The answer should consist of all the records, written out word for word.

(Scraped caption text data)
....

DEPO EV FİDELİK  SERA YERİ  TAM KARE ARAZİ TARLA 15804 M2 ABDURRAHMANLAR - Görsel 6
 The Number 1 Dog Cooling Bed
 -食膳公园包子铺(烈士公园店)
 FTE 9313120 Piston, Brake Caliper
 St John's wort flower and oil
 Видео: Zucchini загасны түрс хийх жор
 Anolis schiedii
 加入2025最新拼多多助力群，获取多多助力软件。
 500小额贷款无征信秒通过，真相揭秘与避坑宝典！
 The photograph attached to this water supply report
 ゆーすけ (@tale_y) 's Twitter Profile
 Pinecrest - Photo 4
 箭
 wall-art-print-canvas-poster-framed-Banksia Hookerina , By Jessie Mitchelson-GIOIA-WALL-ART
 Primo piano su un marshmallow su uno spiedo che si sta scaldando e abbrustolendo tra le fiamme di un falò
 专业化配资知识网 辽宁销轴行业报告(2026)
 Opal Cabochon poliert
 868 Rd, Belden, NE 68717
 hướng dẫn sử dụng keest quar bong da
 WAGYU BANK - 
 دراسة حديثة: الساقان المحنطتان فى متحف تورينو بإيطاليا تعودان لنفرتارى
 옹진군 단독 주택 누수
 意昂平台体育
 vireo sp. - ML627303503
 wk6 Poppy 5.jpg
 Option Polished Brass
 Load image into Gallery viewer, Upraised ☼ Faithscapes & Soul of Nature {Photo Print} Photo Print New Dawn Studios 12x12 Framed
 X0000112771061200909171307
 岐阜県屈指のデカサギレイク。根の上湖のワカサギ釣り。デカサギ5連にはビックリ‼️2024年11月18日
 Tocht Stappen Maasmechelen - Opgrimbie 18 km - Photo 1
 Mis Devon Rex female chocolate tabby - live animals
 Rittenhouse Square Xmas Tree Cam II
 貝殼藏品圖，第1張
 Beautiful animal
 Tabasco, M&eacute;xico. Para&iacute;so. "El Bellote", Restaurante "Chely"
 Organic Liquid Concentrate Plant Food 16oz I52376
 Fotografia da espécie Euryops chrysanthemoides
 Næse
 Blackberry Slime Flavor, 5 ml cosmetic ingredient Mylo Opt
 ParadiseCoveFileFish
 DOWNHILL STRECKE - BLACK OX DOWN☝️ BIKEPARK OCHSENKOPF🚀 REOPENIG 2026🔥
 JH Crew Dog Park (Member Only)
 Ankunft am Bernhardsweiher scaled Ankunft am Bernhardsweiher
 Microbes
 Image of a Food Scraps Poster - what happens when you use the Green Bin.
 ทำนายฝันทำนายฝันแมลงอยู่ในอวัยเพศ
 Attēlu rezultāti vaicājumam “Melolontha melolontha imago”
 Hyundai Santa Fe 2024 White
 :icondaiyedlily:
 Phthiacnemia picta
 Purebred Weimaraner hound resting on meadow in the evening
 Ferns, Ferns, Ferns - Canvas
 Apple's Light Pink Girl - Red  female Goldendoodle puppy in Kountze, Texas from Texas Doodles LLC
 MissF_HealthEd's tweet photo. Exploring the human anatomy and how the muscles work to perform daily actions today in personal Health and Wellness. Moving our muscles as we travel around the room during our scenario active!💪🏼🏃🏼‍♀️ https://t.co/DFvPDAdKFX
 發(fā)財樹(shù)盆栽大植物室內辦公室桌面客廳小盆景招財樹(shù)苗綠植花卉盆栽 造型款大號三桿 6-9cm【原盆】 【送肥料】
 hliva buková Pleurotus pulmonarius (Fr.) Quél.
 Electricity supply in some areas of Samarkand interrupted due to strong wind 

....

» **Response below**:
DEPO EV FİDELİK  SERA YERİ  TAM KARE ARAZİ TARLA 15804 M2 ABDURRAHMANLAR - Görsel 6
 The Number 1 Dog Cooling Bed
 -食膳公园包子铺(烈士公园店)
 FTE 9313120 Piston, Brake Caliper
 St John's wort flower and oil
 Видео: Zucchini загасны түрс хийх жор
 Anolis schiedii
 加入2025最新拼多多助力群，获取多多助力软件。
 500小额贷款无征信秒通过，真相揭秘与避坑宝典！
 The photograph attached to this water supply report
 ゆーすけ (@tale_y) 's Twitter Profile
 Pinecrest - Photo 4
 箭
 wall-art-print-canvas-poster-framed-Banksia Hookerina , By Jessie Mitchelson-GIOIA-WALL-ART
 Primo piano su un marshmallow su uno spiedo che si sta scaldando e abbrustolendo tra le fiamme di un falò
 专业化配资知识网 辽宁销轴行业报告(2026)
 Opal Cabochon poliert
 868 Rd, Belden, NE 68717
 hướng dẫn sử dụng keest quar bong da
 WAGYU BANK - 
 دراسة حديثة: الساقان المحنطتان فى متحف تورينو بإيطاليا تعودان لنفرتارى
 옹진군 단독 주택 누수
 意昂平台体育
 vireo sp. - ML627303503
 wk6 Poppy 5.jpg
 Option Polished Brass
 Load image into Gallery viewer, Upraised ☼ Faithscapes & Soul of Nature {Photo Print} Photo Print New Dawn Studios 12x12 Framed
 X0000112771061200909171307
 岐阜県屈指のデカサギレイク。根の上湖のワカサギ釣り。デカサギ5連にはビックリ‼️2024年11月18日
 Tocht Stappen Maasmechelen - Opgrimbie 18 km - Photo 1
 Mis Devon Rex female chocolate tabby - live animals
 Rittenhouse Square Xmas Tree Cam II
 貝殼藏品圖，第1張
 Beautiful animal
 Tabasco, M&eacute;xico. Para&iacute;so. "El Bellote", Restaurante "Chely"
 Organic Liquid Concentrate Plant Food 16oz I52376
 Fotografia da espécie Euryops chrysanthemoides
 Næse
 Blackberry Slime Flavor, 5 ml cosmetic ingredient Mylo Opt
 ParadiseCoveFileFish
 DOWNHILL STRECKE - BLACK OX DOWN☝️ BIKEPARK OCHSENKOPF🚀 REOPENIG 2026🔥
 JH Crew Dog Park (Member Only)
 Ankunft am Bernhardsweiher scaled Ankunft am Bernhardsweiher
 Microbes
 Image of a Food Scraps Poster - what happens when you use the Green Bin.
 ทำนายฝันทำนายฝันแมลงอยู่ในอวัยเพศ
 Attēlu rezultāti vaicājumam “Melolontha melolontha imago”
 Hyundai Santa Fe 2024 White
 :icondaiyedlily:
 Phthiacnemia picta
 Purebred Weimaraner hound resting on meadow in the evening
 Ferns, Ferns, Ferns - Canvas
 Apple's Light Pink Girl - Red  female Goldendoodle puppy in Kountze, Texas from Texas Doodles LLC
 MissF_HealthEd's tweet photo. Exploring the human anatomy and how the muscles work to perform daily actions today in personal Health and Wellness. Moving our muscles as we travel around the room during our scenario active!💪🏼🏃🏼‍♀️ https://t.co/DFvPDAdKFX
 發(fā)財樹(shù)盆栽大植物室內辦公室桌面客廳小盆景招財樹(shù)苗綠植花卉盆栽 造型款大號三桿 6-9cm【原盆】 【送肥料】
 hliva buková Pleurotus pulmonarius (Fr.) Quél.
 Electricity supply in some areas of Samarkand interrupted due to strong wind 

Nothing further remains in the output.